3 Dec 2015 - 10:49 p. m.

Un acuerdo a la medida de Estados Unidos

Todo indica lograr un pacto de esas condiciones es aún un desafío que no termina de ser superado. Al parecer EE.UU. se sobrepondrá con varias condiciones sobre otros países.

Con información de EFE Verde

Aunque los principales actores de las negociaciones que se llevan a cabo en la Cumbre del Clima de París reclaman un pacto vinculante, todo indica que todos ellos (la Unión Europea, China y EE.UU.) el que saldrá ganando será Estados Unidos.

La Unión Europea y sus representantes públicos, por ejemplo, han reiterado hasta la saciedad que quieren que tanto el acuerdo como los 185 compromisos nacionales de reducción de emisiones que se han presentado sean jurídicamente vinculantes internacionalmente o, de lo contrario, se corre el riesgo de que queden solo en el papel. (Vea ¿Qué está en juego en París?)

Sin embargo, China y la administración Obama, que también persiguen un pacto legalmente vinculante, no lo quieren en su totalidad sino con algunos ‘peros’.

Por un lado, Estados Unidos busca un acuerdo legal en el que los países estén obligados a remitir compromisos de reducción de emisiones periódicamente, a tomar medidas internas para asegurar que cumplen lo prometido y a rendir cuentas regularmente, pero no quiere que los objetivos nacionales ofertados sean vinculantes.

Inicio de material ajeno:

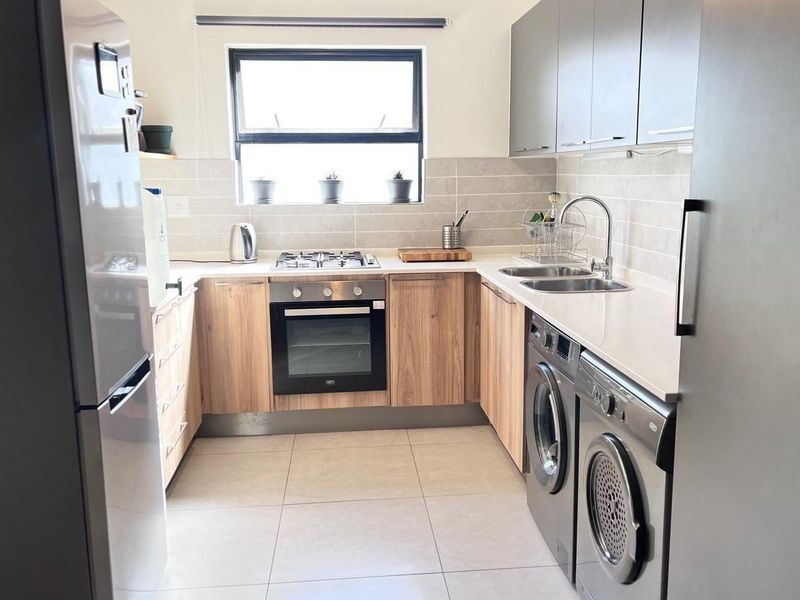 Modern kitchen featuring wood-finish cabinetry, stone countertops, integrated gas hob, electric oven, and dedicated space for laundry appliances with a tiled backsplash.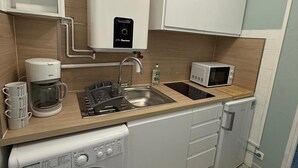 Een praktische keuken met een wasmachine, koffiezetapparaat, magnetron en spoelbak.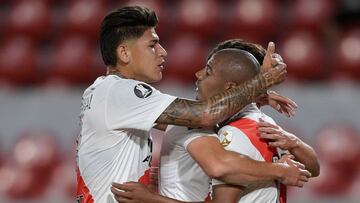 Argentina&#039;s River Plate Uruguayan Nicolas De La Cruz celebrates with teammates Colombian Jorge Carrascal (L) and Julian Alvarez after scoring against Brazil&#039;s Athletico Paranaense during the closed-door Copa Libertadores round before the quarterfinals football match, at the Libertadores de America stadium in Avellaneda, Buenos Aires, on December 1, 2020. (Photo by Juan Mabromata / various sources / AFP)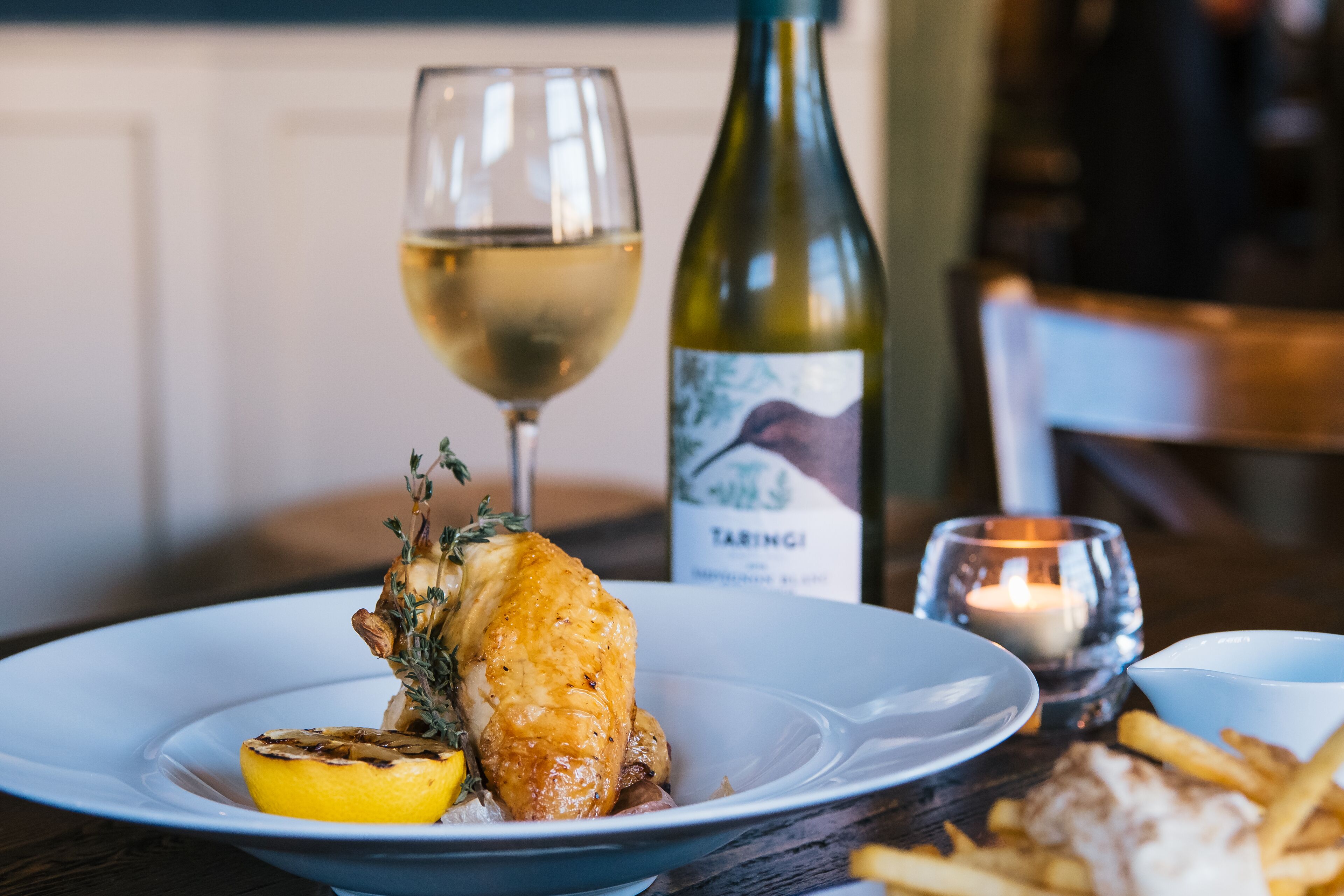 A plate with roasted chicken, lemon, and herbs, a glass of white wine, a bottle of wine, and a candle on a wooden table.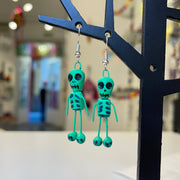 Boucles d'oreilles en argile "squelettes verts"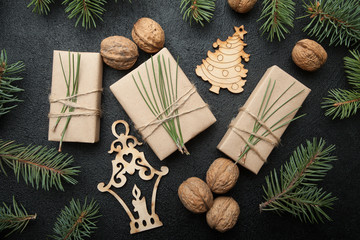 Three Christmas gift in vintage packing with nuts, decorations and a Christmas tree on a black background.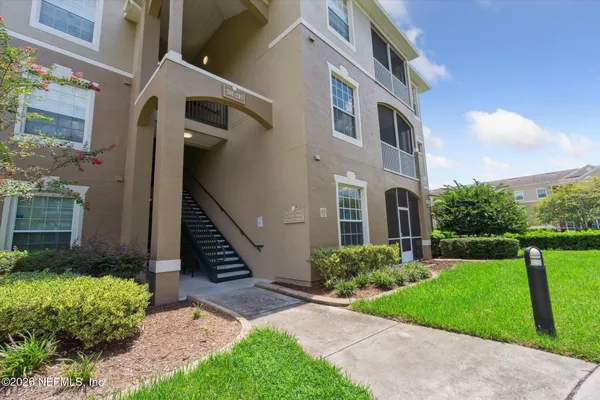 a view of an empty room with a chandelier fan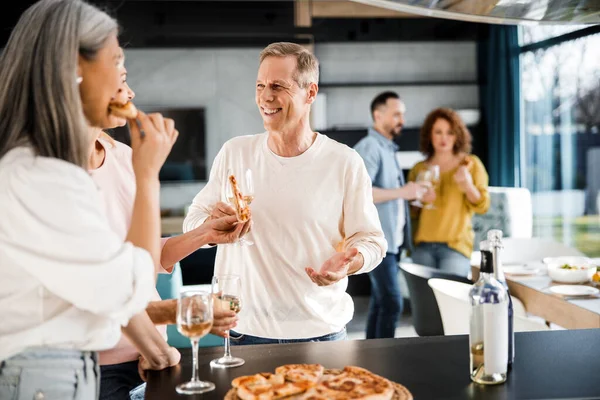 Uomo sorridente che parla con amiche in cucina — Foto Stock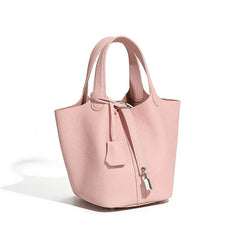 Classic Leather Bucket Bag in soft pink with top-handle and drawstring, perfect for everyday style.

¿Por qué? Una de las razones es porque la legislación de ese país indica que todo acuerdo legalmente vinculante con “objetivos” o cifras de cumplimiento obligatorio debe ser remitido al Senado. Y ante la mayoría republicana que hay en el organismo y que puede rechazar un posible pacto, la administración Obama quiere eludir ese camino.

“Muchos países piden que sea legalmente vinculante a nivel internacional, pero ¿qué significa eso? ¿Que si alguien no cumple lo llevas a la corte penal internacional? Eso nunca ocurre”, se pregunta el secretario de la Convención Marco de Naciones Unidas para el Cambio Climático entre 2006 y 2010, Yvo de Boers, en conversación con la agencia EFE.

Para él, tendría más sentido que el acuerdo fuera legalmente vinculante a nivel nacional. “La promesa que has hecho para el acuerdo de París la llevas a tu parlamento nacional y la transformas en una ley que recoja el procedimiento para cumplir lo prometido. Si hay un acuerdo final y se dice que los países implementarán esos compromisos en sus legislaciones nacionales y que cada cinco años los revisarán, la UE lo aceptará aunque no sea vinculante internacionalmente”.

Para Luis Alfonso de Alba, embajador mexicano y miembro de la delegación de este país, lo fundamental es un acuerdo “en el que todas las partes pasan por un proceso de información del cumplimiento de sus obligaciones de reducción de emisiones con una revisión de pares”.

Además, recuerda que el pacto prevé que cuando los países renueven en el futuro sus contribuciones nacionales no pueden prometer menos de lo ofrecen en 2015, lo cual garantiza que irán revisando al alza aunque las promesas no sean jurídicamente vinculantes.

“Lo que determinará la fuerza legal del acuerdo será su contenido, no su nombre ni si es o no vinculante internacionalmente”, subrayó la experta en temas legales del World Resources Institute, Eliza Northrop.

Según ella, el resultado final será una combinación de textos vinculantes y no vinculantes muy similar a lo que busca Estados Unidos. (Lea 'La cuota inicial para combatir el cambio climático')

Northrop explica que, en cualquier caso, el acuerdo en sí será un pacto legal internacionalmente, por lo que para formar parte del mismo los países deberán ratificarlo posteriormente.

Hasta anoche, en París existía un nuevo texto de negociación con cinco páginas menos (50 en lugar de 55) pero con más paréntesis (1.400 frente a 1.250).

El documento cuenta con 250 opciones abiertas que afectan fundamentalmente a las cuestiones más peliagudas: la financiación la mitigación y adaptación al cambio climático en los países en desarrollo y la diferenciación entre países ricos y pobres a la hora de cumplir los compromisos.